Penangkapan dilakukan, Sabtu (15/2/2020), sekitar pukul 11.00 WIB, di Jalan Arjuna Dusun IV RT/RW 002/091 Kelurahan Candi Rejo, Kecamatan Pasir Penyu, Kabupaten Indragiri Hulu (Inhu), Riau.

"Tim menerima informasi jual beli bagian tubuh Harimau Sumatera Jumat (14/2/2020) lalu. Ketiga tersangka membawa bagian tubuh Harimau Sumatera dari daerah Muara Tebo, Jambi menggunakan mobil Toyota Avanza nopol D 1606 ABK," kata Kapolda Riau, Irjen Pol Agung Setya Imam Effendi, SH, SIK, M.Si melalui Kepala Bidang Hubungan Masyarakat Polda Riau, Kombes Sunarto.

Kabid Humas menjelaskan, ketiga pelaku mengaku akan mengantarkan bagian tubuh harimau tersebut kepada seseorang di daerah Air Molek, Inhu.

"Ketiga tersangka, MN Bin KR (45), warga Desa Balai Rajo, Kecamatan Tujuh Ilir, Tebo, Jambi, RT (57), warga Jorong Koto Baru, Desa Sisawah, Sumpur Kudus, Sijunjung, Sumatera Barat dan AT (43) Desa Seresam, Siberida, Inhu, Riau. Ketiga pelaku merupakan kurir yang bertugas mengantar kulit dan tulang harimau dari Tebo Jambi oleh eksekutor an. AT (DPO) dengan upah Rp. 2 juta. Selanjutnya akan diserahkan kepada seseorang an," sebutnya.

Dilanjutkannya, HN (DPO) di Air Molek, Kabupaten Indragiri Hulu. Ketiga tersangka kita amankan dan dibawa bersama barang bukti ke Mapolda Riau, Pekanbaru guna penyidikan lebih lanjut.

"Maraknya praktek Perdagangan illegal kulit dan organ harimau sumatera karena motif tingginya harga jual organ harimau di pasar gelap," ungkapnya.

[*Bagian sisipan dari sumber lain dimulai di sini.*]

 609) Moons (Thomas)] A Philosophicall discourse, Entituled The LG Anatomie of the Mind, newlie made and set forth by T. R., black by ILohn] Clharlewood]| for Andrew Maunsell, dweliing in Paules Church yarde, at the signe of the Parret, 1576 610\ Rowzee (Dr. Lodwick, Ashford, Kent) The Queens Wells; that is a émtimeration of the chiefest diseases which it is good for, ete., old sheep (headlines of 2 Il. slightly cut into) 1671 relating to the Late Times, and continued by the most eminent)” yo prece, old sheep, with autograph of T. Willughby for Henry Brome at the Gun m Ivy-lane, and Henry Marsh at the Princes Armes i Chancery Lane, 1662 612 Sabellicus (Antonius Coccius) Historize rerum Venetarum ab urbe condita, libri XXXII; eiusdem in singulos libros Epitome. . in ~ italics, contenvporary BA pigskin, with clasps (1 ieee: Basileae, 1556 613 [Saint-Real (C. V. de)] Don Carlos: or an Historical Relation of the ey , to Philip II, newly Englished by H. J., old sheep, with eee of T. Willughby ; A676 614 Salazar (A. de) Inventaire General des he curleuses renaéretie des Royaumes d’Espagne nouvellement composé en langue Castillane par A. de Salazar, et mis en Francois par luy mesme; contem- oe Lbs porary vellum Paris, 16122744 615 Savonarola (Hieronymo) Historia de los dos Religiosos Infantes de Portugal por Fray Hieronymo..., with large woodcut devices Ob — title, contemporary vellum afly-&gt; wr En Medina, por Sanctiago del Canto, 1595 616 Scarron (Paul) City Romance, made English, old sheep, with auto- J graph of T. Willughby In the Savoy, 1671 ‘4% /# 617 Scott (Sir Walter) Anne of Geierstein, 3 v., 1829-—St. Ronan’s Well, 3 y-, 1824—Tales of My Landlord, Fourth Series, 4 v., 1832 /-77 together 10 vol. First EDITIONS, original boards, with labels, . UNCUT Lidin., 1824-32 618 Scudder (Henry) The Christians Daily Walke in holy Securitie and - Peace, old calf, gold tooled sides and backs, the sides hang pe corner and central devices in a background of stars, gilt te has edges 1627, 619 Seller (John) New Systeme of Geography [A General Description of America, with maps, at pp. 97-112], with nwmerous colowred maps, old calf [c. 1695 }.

Selembar kulit harimau, sebut Kabid Humas Polda Riau ini,  bisa dijual dengan harga sekitar Rp. 30 juta – Rp. 80 juta, taring harimau Rp. 500 ribu- Rp. 1 juta per buah, dan tulang harimau laku Rp. 2 juta per kilo di pasar gelap. Harga tinggi itu disinyalir menjadi alasan para penyelundup untuk nekat melakukan aksi kejahatannya. Indonesia sebagai bagian dari dunia internasional, akan menghentikan kejahatan penyelundupan satwa tersebut, mengingat satwa itu sudah dalam kategori terancam punah.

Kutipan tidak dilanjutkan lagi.